### Caption-style text data

§

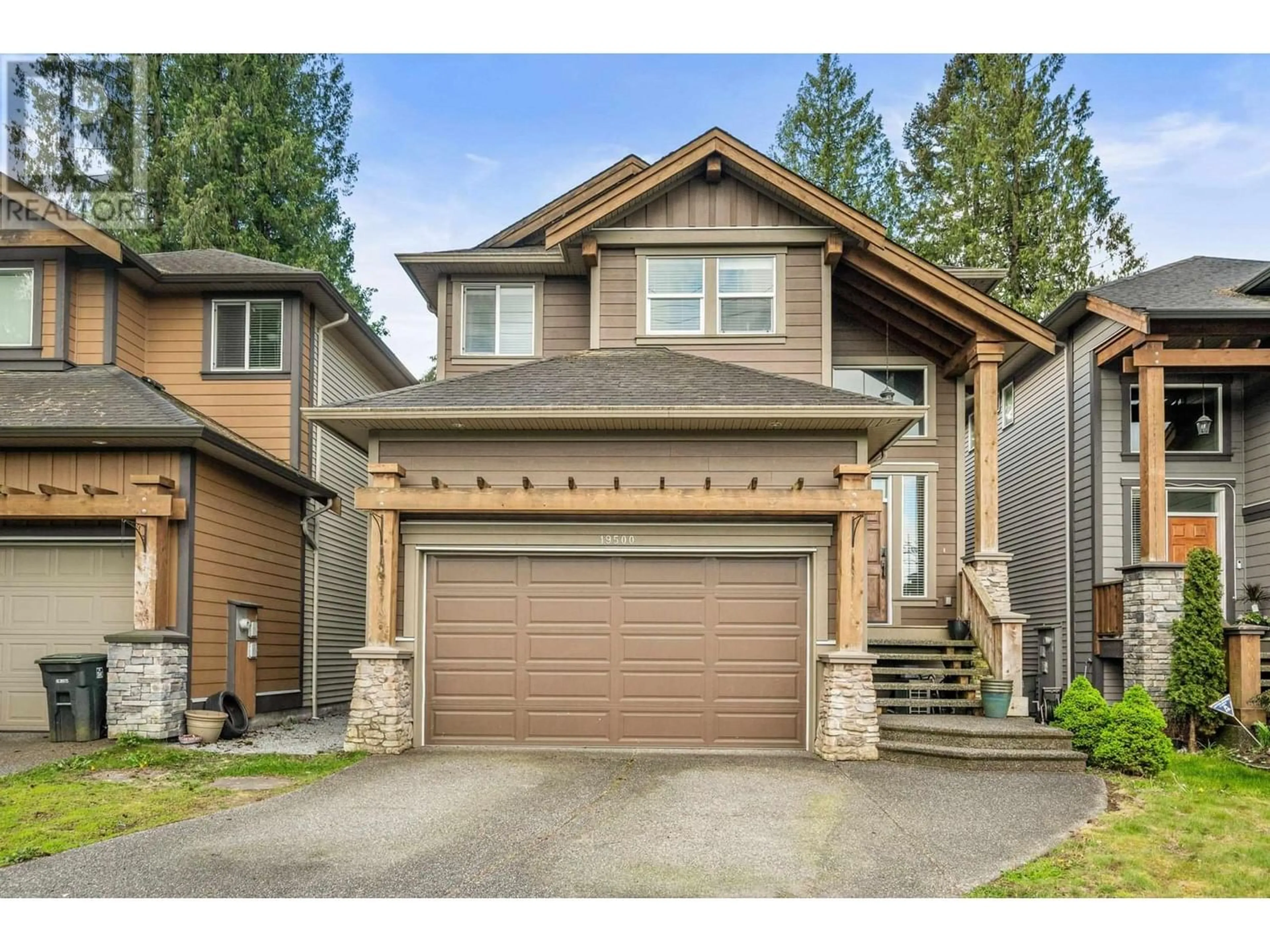 Frontside or backside of a home for 19500 HAMMOND ROAD, Pitt Meadows British Columbia V3Y1K4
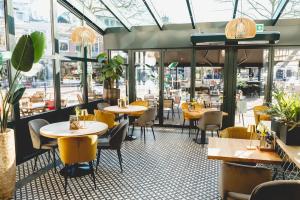 a restaurant with tables and chairs and windows at City Hotel de Jonge in Assen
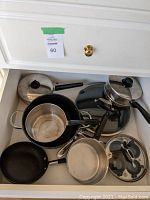 Drawer with assorted pots and pans including small frying pans, saucepans, and pots with lids.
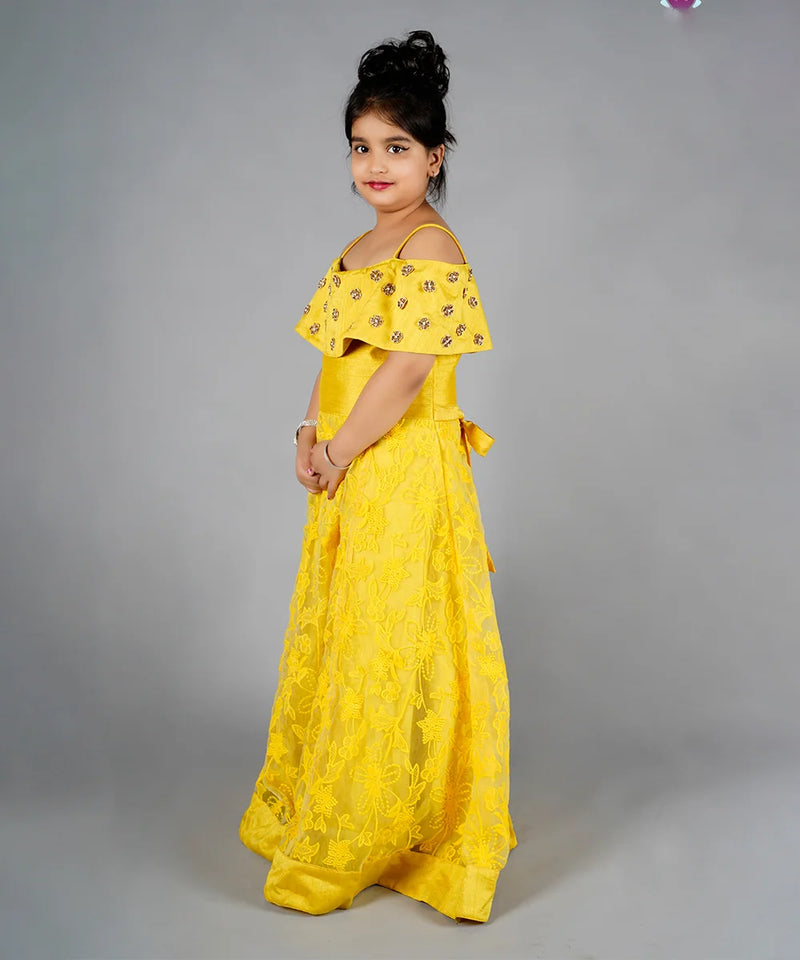 Young girl wearing a yellow dress with floral patterns on a gray background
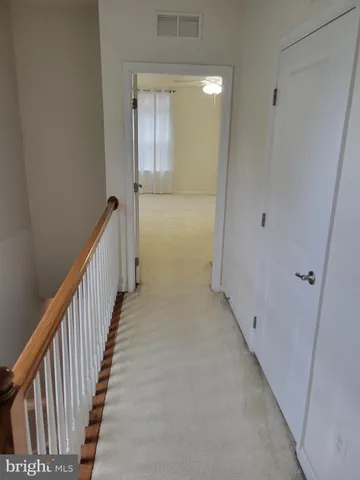 a view of hallway with stairs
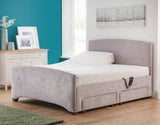 Gray upholstered bed in a room with a blue wall and window.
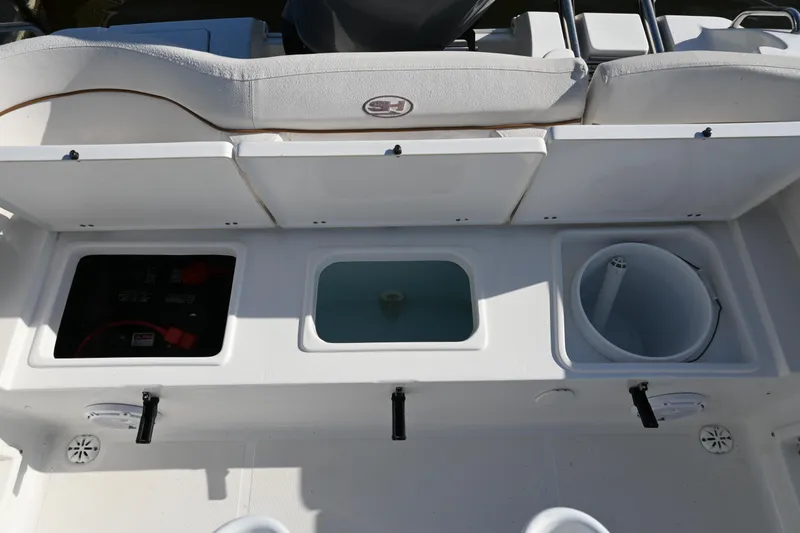 Slide: The Image of 2021 Sea Hunt Ultra 219 boat storage compartments and seating area. - 23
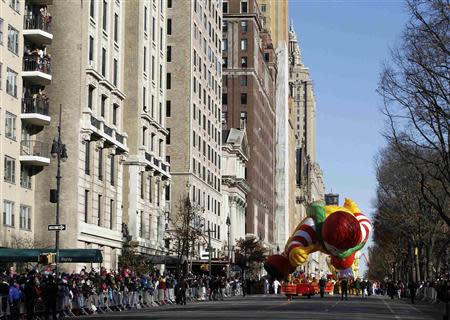 The Ronald McDonald balloon floats down Central Park West during the 87th Macy's Thanksgiving Day Parade in New York November 28, 2013. REUTERS/Gary Hershorn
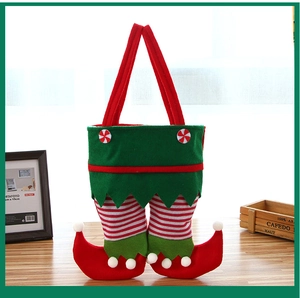 Detailed view of Christmas elf leg gift bag with red and green stripes on wooden surface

§

### PROBLEM DETAILS
The lines to copy run from the line containing "Gray upholstered bed" through the end of the data above; copy exactly those, minus the pictures.

### ANSWER TO THIS PROBLEM
 Gray upholstered bed in a room with a blue wall and window.
 Slide: The Image of 2021 Sea Hunt Ultra 219 boat storage compartments and seating area. - 23
 The Ronald McDonald balloon floats down Central Park West during the 87th Macy's Thanksgiving Day Parade in New York November 28, 2013. REUTERS/Gary Hershorn
 Detailed view of Christmas elf leg gift bag with red and green stripes on wooden surface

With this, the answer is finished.